AI at O’Reilly Media

We’re experimenting with a variety of RAG-inspired ideas on the O’Reilly learning platform. The first extends Answers, our AI-based search tool that uses natural language queries to find specific answers in our vast corpus of courses, books, and videos. In this next version, we’re placing Answers directly within the reading context and using an LLM to generate content-specific questions about the material to enhance your understanding of the topic.

For example, if you’re reading about gradient descent, the new version of Answers will generate a set of related questions, such as how to compute a derivative or use a vector library to increase performance. In this instance, RAG is used to identify key concepts and provide links to other resources in the corpus that will deepen the learning experience.

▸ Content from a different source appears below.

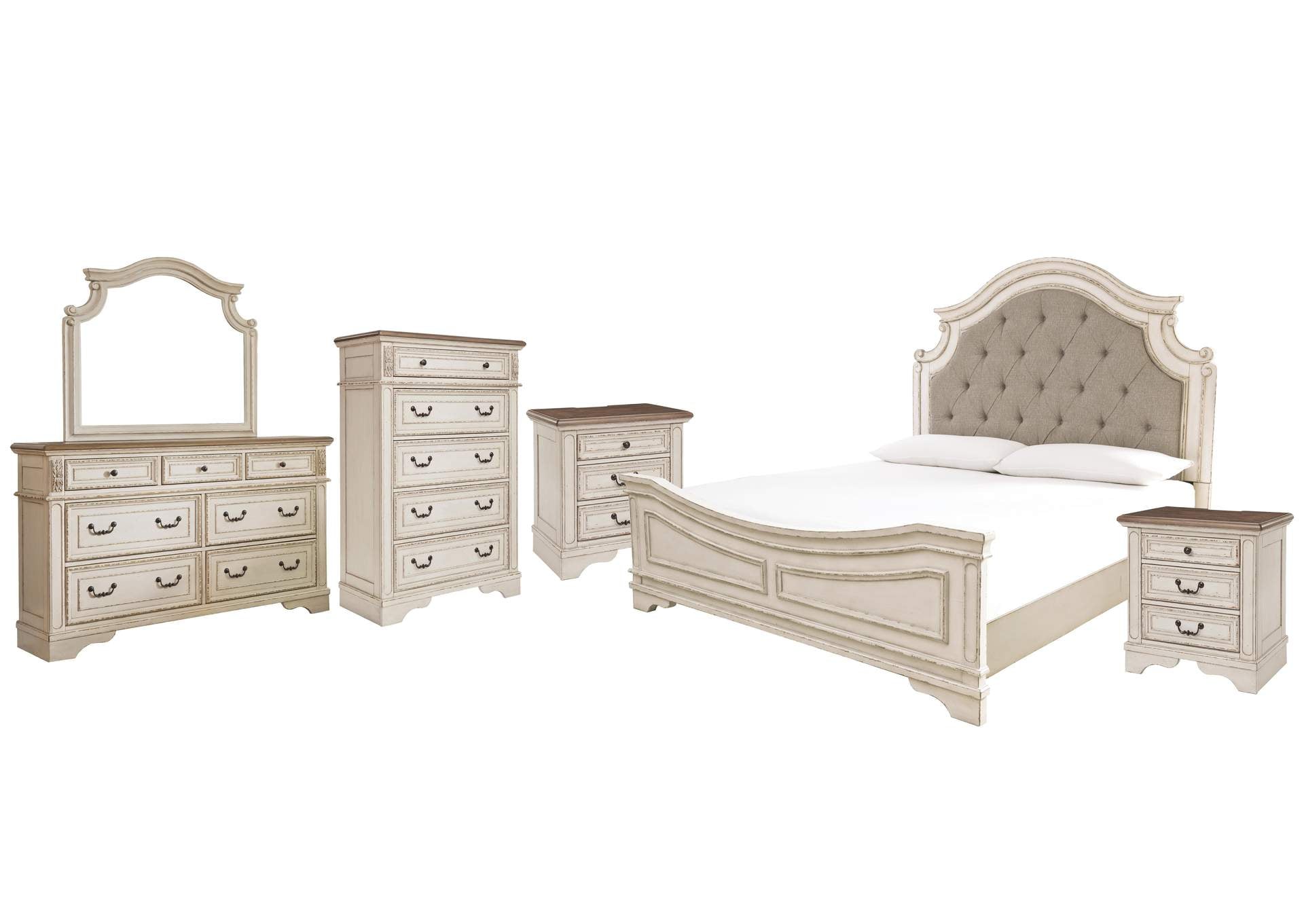 Realyn King Upholstered Panel Bed with Mirrored Dresser, Chest and 2 Nightstands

*Answers 2.0, expected to go into beta in the first half of 2024*

Our second project is geared towards making our long-form video courses simpler to browse. Working with our friends at Design Systems International, we’re developing a feature called “Ask this course,” which will allow you to “distill” a course into just the question you’ve asked. While conceptually similar to Answers, the idea of “Ask this course” is to create a new experience within the content itself, rather than just linking out to related sources. We use LLM to provide section titles and a summary to stitch together disparate snippets of content into a more cohesive narrative.

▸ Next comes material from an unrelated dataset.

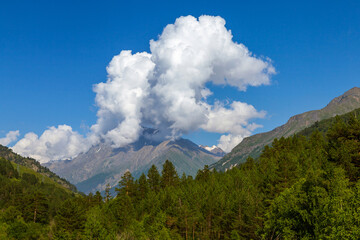 The cloud over the peak. Caucasus. Summer.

*Ask this course, expected to go into beta in the first half of 2024*

Footnotes

1. The first case to reach the courts involving novels and other prose works has been dismissed; the judge said that the claim that the model itself infringed upon the authors’ copyrights was “nonsensical,” and the plaintiffs did not present any evidence that the model actually produced infringing works.

2. As of November 16, 2023, it’s unclear who has access to this feature; it appears to be in some kind of gradual rollout, A/B test, or beta test, and may be limited to specific browsers, devices, operating systems, or account types.